20 de agosto de 2019, 17h04

500 dias de Lula preso: “Nós precisamos que o Supremo restabeleça as regras, a ordem”, defende Gleisi

Atualmente Lula nega-se a entrar na Justiça com pedido para cumprir a pena de 8 anos de prisão em regime semiaberto. Afirma que só pretende ir para casa após eventual absolvição ou anulação da sentença

Foto: Anselmo Cunha

Parlamentares do PT, PSOL e PCdoB fizeram um ato nesta terça-feira (20), na Câmara dos Deputados, para lembrar os 500 dias da prisão do ex-presidente Lula. Na ocasião os congressistas reforçaram o pedido para que o Supremo Tribunal Federal (STF) reveja a decisão que condenou o petista.

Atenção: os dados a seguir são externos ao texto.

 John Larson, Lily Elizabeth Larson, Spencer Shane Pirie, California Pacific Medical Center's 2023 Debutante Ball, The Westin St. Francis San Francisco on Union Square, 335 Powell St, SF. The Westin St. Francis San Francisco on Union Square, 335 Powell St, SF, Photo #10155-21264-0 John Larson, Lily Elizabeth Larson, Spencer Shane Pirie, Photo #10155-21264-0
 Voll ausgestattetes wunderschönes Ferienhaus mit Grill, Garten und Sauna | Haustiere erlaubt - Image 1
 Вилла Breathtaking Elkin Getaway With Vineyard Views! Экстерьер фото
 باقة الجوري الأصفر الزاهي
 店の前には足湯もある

Para a deputada federal e presidente do PT, Gleisi Hoffmann afirmou que precisou vir a público revelações do The Intercept para comprovar “aquilo que nós já dizíamos que era realidade”.

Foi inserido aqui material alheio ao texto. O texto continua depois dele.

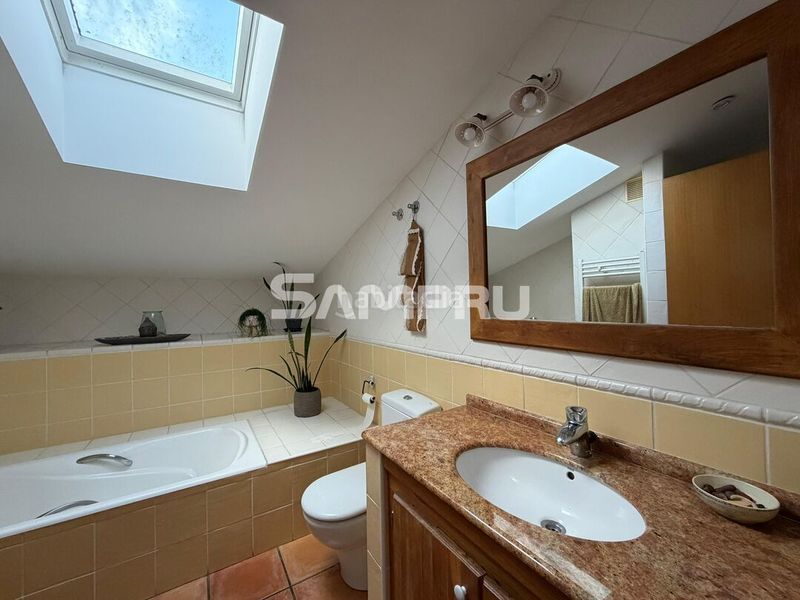 Foto 5add2452-8a4e-4482-b2f1-638820551aa2. Casa adossada amb calefacció aparcament a Bergara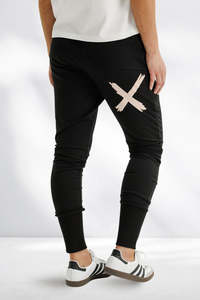 Homelee Winter Apartment Pants Black with Peach Parfait X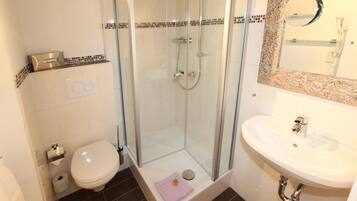 Junior-Suite | Badezimmer | Dusche, Handtücher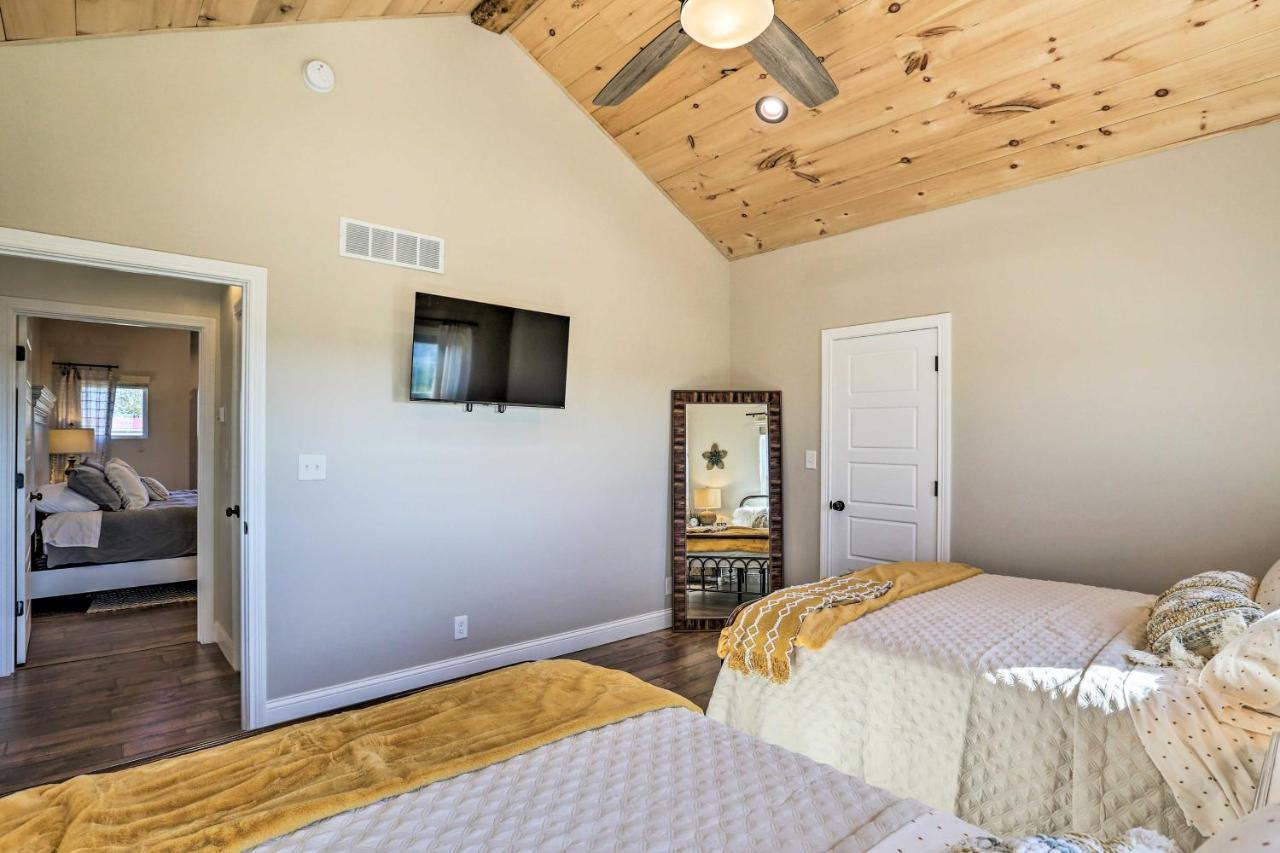 Chic Williamstown Retreat With Pool And Hot Tub! Villa Exteriör bild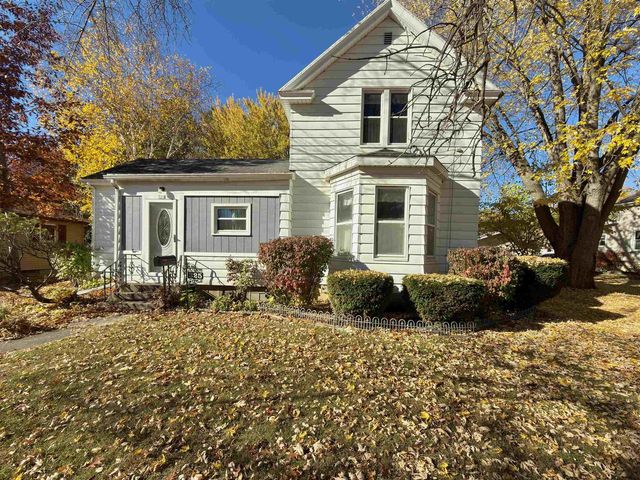 325 N WISCONSIN STREET, Berlin, WI 54923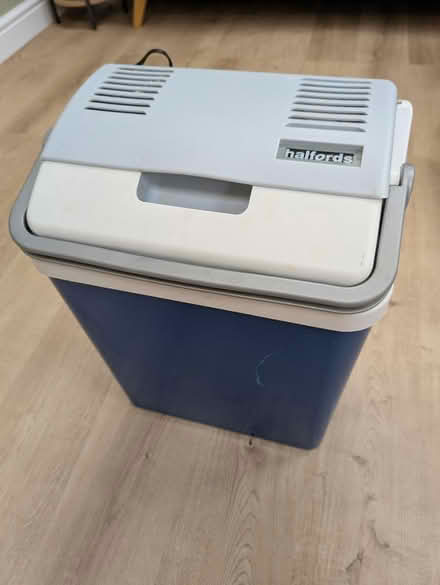 Photo of free Halfords plug in cooler box (Kenpshott RG22) #2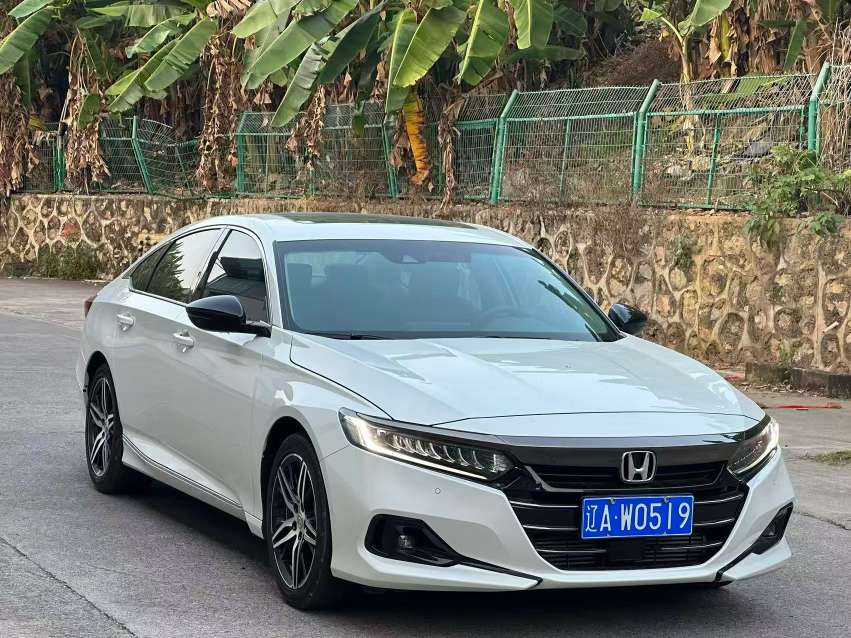 Honda Accord 260 Night Edition Premium 3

“Aliás, para além do que dizíamos, o que está sendo revelado pro Brasil é de grande gravidade, não só o conluio entre o juiz e o acusador, orientações de denúncias ou delações, mas também a busca de informações sigilosas buscando a receita federal”, pontuou Gleisi.

Para o líder do PT na Câmara, Paulo Pimenta, “foram 500 dias de luta, resistência, contra essa prisão injusta contra Lula”, disse. “Nós queremos que o presidente Lula tenha um julgamento justo, algo que ele não teve até hoje”.

“Todos os acontecimentos no país reforçam nossa convicção que Lula é um sequestrado político vítima de uma trama, de um projeto de poder que capturou estruturas do Estado Brasileiro para viabilizar a realização de um projeto de poder, cuja principal vítima é o presidente Lula”, afirmou Pimenta.

Na ocasião o deputado Glauber Braga (PSOL-RJ) também defendeu a liberação do ex-presidente.

“Nós esperamos que o STF definitivamente faça justiça e julgue a libertação do ex-presidente”, disse.

“Inclusive, quando o STF determinou que a conversa entre Moro e Dellagnol, e o conteúdo das mensagens que foram acessadas, não poderia ser destruídas, o STF esteva dizendo que elas podem e devem ser usadas como provas”, finalizou Glauber.